So.
Like I said two weeks ago, I was in the field for ten days. This means I've been smelling like sulfur and dust and insect repellent for ten days. Insect repellent for the obvious reasons. There are a lot of mosquitoes in the forest.
Sulfur, because aside from the insects, there are also ticks, and apparently they hate sulfur or something, because people (including me) use this sulfur soap to wash every day to keep them away. And it works. I only found four ticks on me the entire time (and those were on a day I didn't even go out into the forest, which... I don't know). Four ticks is obviously four too many to be comfortable with, but it's a lot less than the dozens it would have probably otherwise been. So I'm incredibly happy about that, since I can still see where I got bit by ticks last time I had them, about two and a half months ago.
I actually stopped noticing the smell of the soap about half way through. Or I think I did. I think it's more likely that my brain started to ignore the smell than that suddenly I stopped smelling like it. But for the first half of the time, that's what the world smelled like.
And dust, because our campsite was in a white sand area. And when
there's sand, there's dust, and it's everywhere. There were two
buildings there. One two-story building, and a shelter with tables for
eating and doing other things that require a table. Well, I guess the
shelter can't be called a building, exactly. And the other building was
more like a one-story building, just lifted one story off the ground for
some reason. We hung our hammocks (to sleep in) on the first "floor" that had no floor.
There was electricity there, and running water (by which I mean a
flushable toilet and a couple of sinks by the shelter for washing hands
and dishes) that I think came from a huge tank on the roof that I think
collected rain water, except it seems to me it wasn't that big and
with more than thirty people there we should have ran out. So I don't
know where the water came from.
Washing more than just hands and face in
the sink happened in a creek (or igarapé, the bath place in the picture) nearby. I keep wondering just
how much we increased the sulfur concentration of that stream while we
were there.
What about the smell of sweat, you ask? Yes, there was a lot of sweat. Walking in a forest when it's almost 30 degrees outside does that. But the smell of sweat was pretty much covered under all the other smells, especially when you added a bit of sun lotion.
So what did we actually do?
For the first half of the ten days we did different things, counting plants and catching birds and fish and going out in the dark to see all the things that are out at night, and tried but failed to catch some bats. We also had some lectures, basically about what ever we were going to do next. With a projector and slide shows and everything. I was not expecting that.

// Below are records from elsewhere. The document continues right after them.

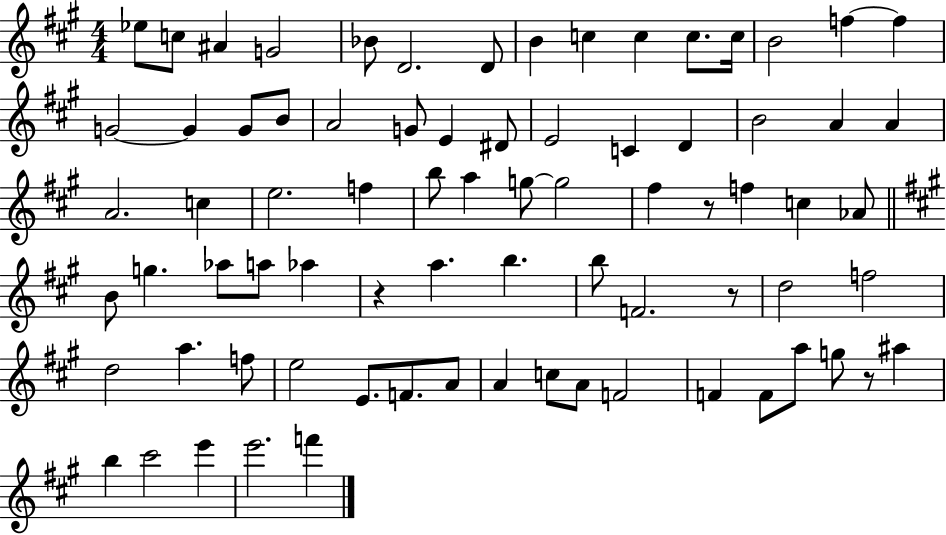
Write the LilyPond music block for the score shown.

{
  \clef treble
  \numericTimeSignature
  \time 4/4
  \key a \major
  ees''8 c''8 ais'4 g'2 | bes'8 d'2. d'8 | b'4 c''4 c''4 c''8. c''16 | b'2 f''4~~ f''4 | \break g'2~~ g'4 g'8 b'8 | a'2 g'8 e'4 dis'8 | e'2 c'4 d'4 | b'2 a'4 a'4 | \break a'2. c''4 | e''2. f''4 | b''8 a''4 g''8~~ g''2 | fis''4 r8 f''4 c''4 aes'8 | \break \bar "||" \break \key a \major b'8 g''4. aes''8 a''8 aes''4 | r4 a''4. b''4. | b''8 f'2. r8 | d''2 f''2 | \break d''2 a''4. f''8 | e''2 e'8. f'8. a'8 | a'4 c''8 a'8 f'2 | f'4 f'8 a''8 g''8 r8 ais''4 | \break b''4 cis'''2 e'''4 | e'''2. f'''4 | \bar "|."
}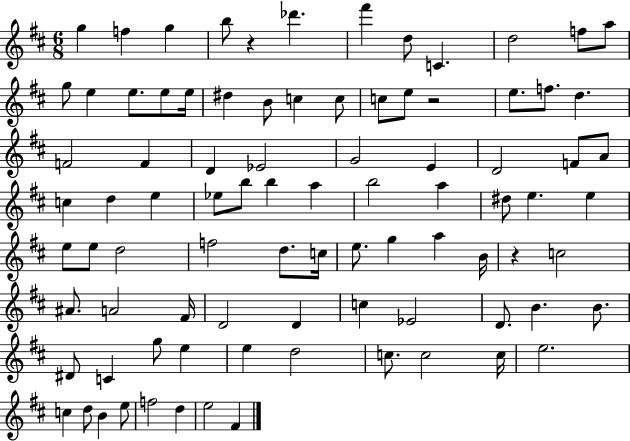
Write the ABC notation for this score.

X:1
T:Untitled
M:6/8
L:1/4
K:D
g f g b/2 z _d' ^f' d/2 C d2 f/2 a/2 g/2 e e/2 e/2 e/4 ^d B/2 c c/2 c/2 e/2 z2 e/2 f/2 d F2 F D _E2 G2 E D2 F/2 A/2 c d e _e/2 b/2 b a b2 a ^d/2 e e e/2 e/2 d2 f2 d/2 c/4 e/2 g a B/4 z c2 ^A/2 A2 ^F/4 D2 D c _E2 D/2 B B/2 ^D/2 C g/2 e e d2 c/2 c2 c/4 e2 c d/2 B e/2 f2 d e2 ^F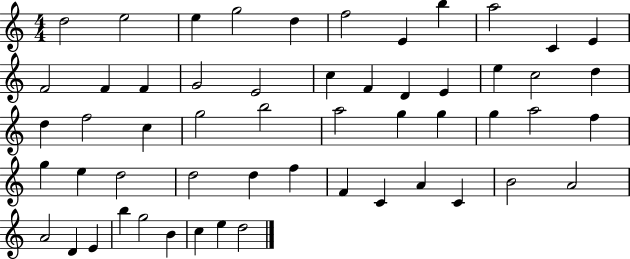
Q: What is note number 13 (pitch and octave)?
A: F4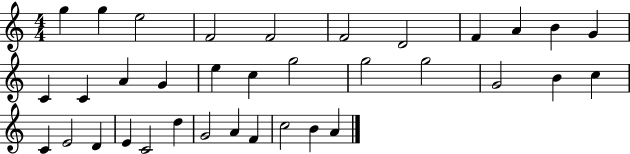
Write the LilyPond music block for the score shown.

{
  \clef treble
  \numericTimeSignature
  \time 4/4
  \key c \major
  g''4 g''4 e''2 | f'2 f'2 | f'2 d'2 | f'4 a'4 b'4 g'4 | \break c'4 c'4 a'4 g'4 | e''4 c''4 g''2 | g''2 g''2 | g'2 b'4 c''4 | \break c'4 e'2 d'4 | e'4 c'2 d''4 | g'2 a'4 f'4 | c''2 b'4 a'4 | \break \bar "|."
}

And we walked a lot. The area that we used for the field exercises was actually maybe a kilometer away from the place where we camped. It was a 1km*5km area, with some permanent research plots and a small path running around it. So every time we went out to the actual forest we had to first walk to the are, and then however long it was to the place inside the are we actually wanted to go. The longest days were almost 15 km, which doesn't sound like that much for one day, but walking a forest path is a lot harder than walking on a road.
Ok, enough talk. Let's get to the pictures. They're a lot nicer than reading me talk anyway. And there are so many pictures. So many. There were almost 600 pictures in my camera after the ten days (I admit, that number could be higher), and while a lot of them aren't worth sharing, there are so many pictures I'd like to show you. Too many. I can't fit them all here. So here's the highlights of the highlights.
As I said, we caught some birds.
And some fish. We blocked a portion of the stream with nets and then used hand nets to find them.
We also did some work on computers. I think here we're analysing some data on plants we had collected the day before.
There were some pineapples growing nearby.
And some relative of passion fruit's, I was told.
And this plant that had decided to grow in what I assume is the stub of a branch on a tree. Things growing on things is actually really common here. Like here:
There were a lot of these trees covered in these plants. I don't know what either the tree or the plant growing on it are. I just know there were a lot of them.
This is where the world decided to put all the ferns.
This is what a cashew-tree looks like. I did not know that.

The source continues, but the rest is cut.